As mentioned previously, all participles are adjectives and function as adjectives in every sentence in which they appear. A participle either modifies a noun (sometimes the unexpressed noun which is the subject of a verb), and sometimes a participle is a substantive adjective, acting as if it were a noun itself. Because participles function as adjectives, you must always be able to identify the gender, number, and case of the participle (adverbs are something completely different from adjectives, because in Greek adverbs do not have gender or number or case).
When Croy takes about "adverbial participles" he is referring to some issues that arise in English translation, when you have to decide about the relationship between a participle and the main verb within a sentence. What Croy describes as "nuances" in section 142 are nuances of English translation. They have nothing to do with Greek grammar, and you are not responsible for the vocabulary he introduces to describe these English translation strategies (time, manner, means, cause, condition, concessive).
Later on, if you decide you want to translate Greek into English, you will have to think a lot about translation styles and strategies.
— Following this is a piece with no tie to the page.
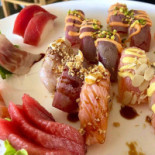 Wu Sushi Comida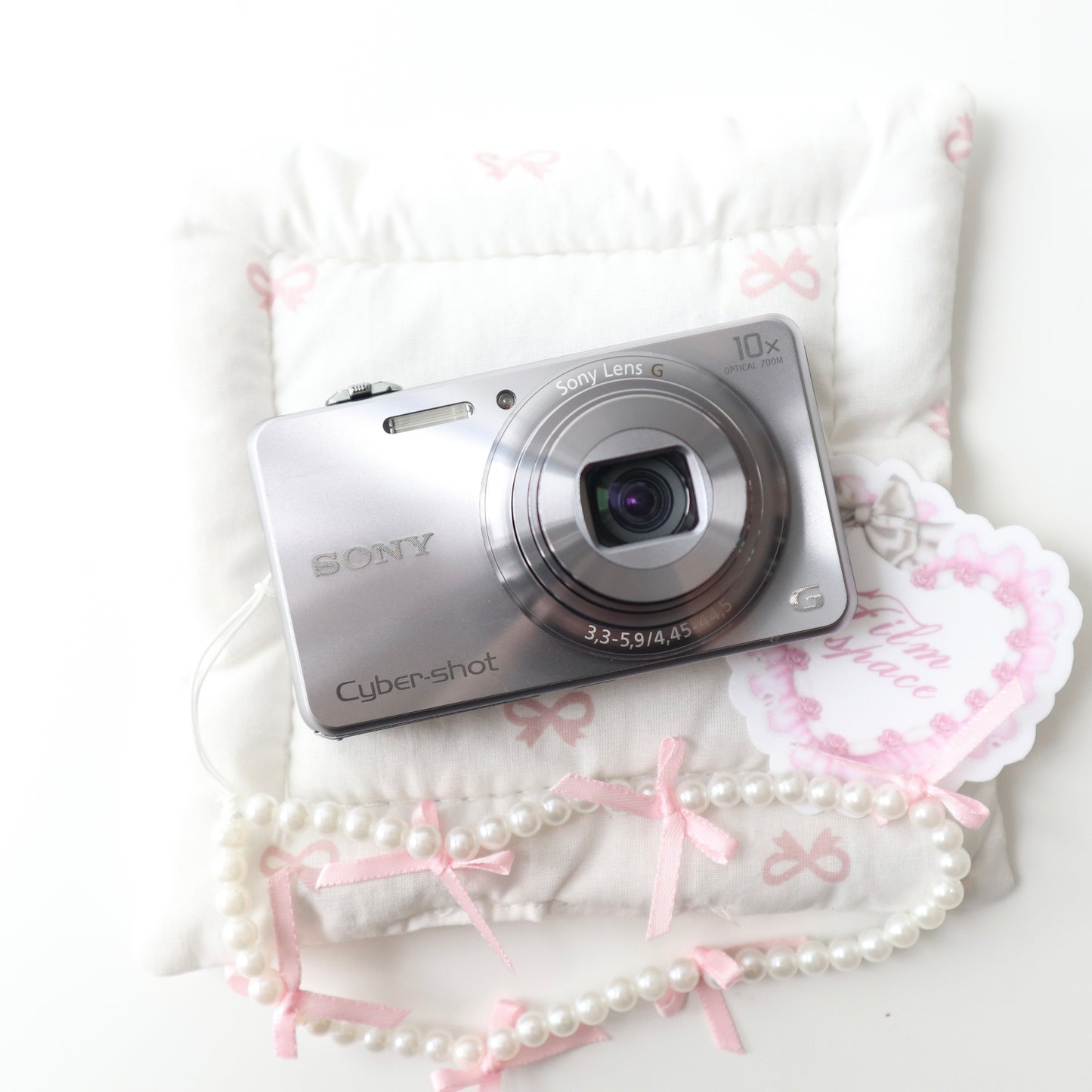SONY CYBERSHOT DSC-WX200 (GRAY) | BOXED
For the purposes of this class, however, your task is to understand the grammar of the Greek participle, and what that participle means in Greek.
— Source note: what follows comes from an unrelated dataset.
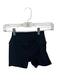Set Active Size XS Black Polyester Blend High Waist Bike Short Athletic Shorts Black / XS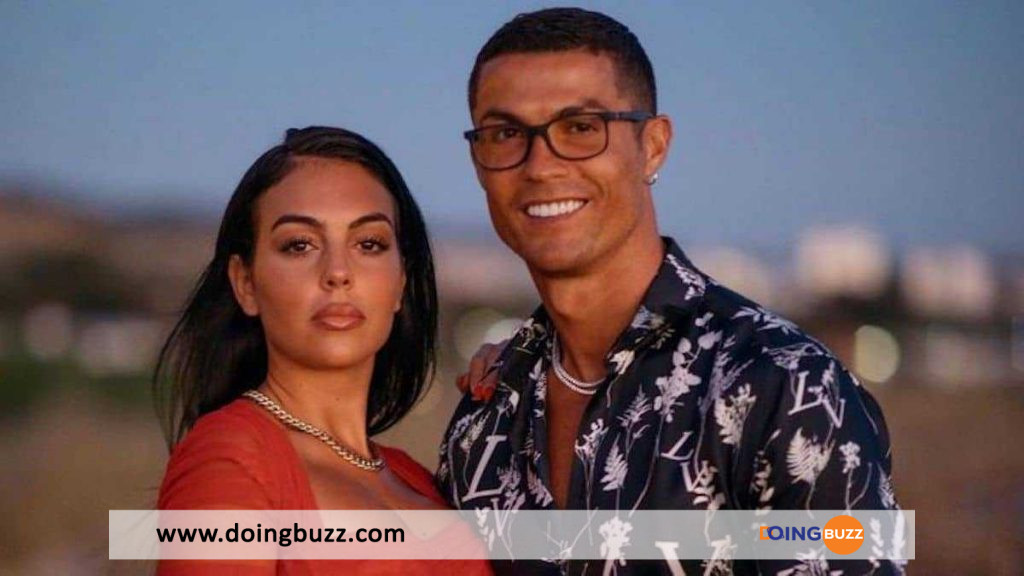 Georgina Rodriguez : Voici Le Cadeau Qu'Elle Offre À Cristiano Ronaldo Pour Noël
So make sure you look over the examples that Croy provides here and see if you can understand the differences in English translation that he is describing. It is useful information. When you read the Practice Sentences, however, please focus on the grammar of the sentences and do not get too concerned about the nuances of the English translation. If you understand the way the Greek words function in each sentence and what they mean, that is great! Coming up with an English translation that is able to reflect the meaning of the Greek is a different task entirely. For right now, just making sure you understand the meaning of the Greek should be your main goal.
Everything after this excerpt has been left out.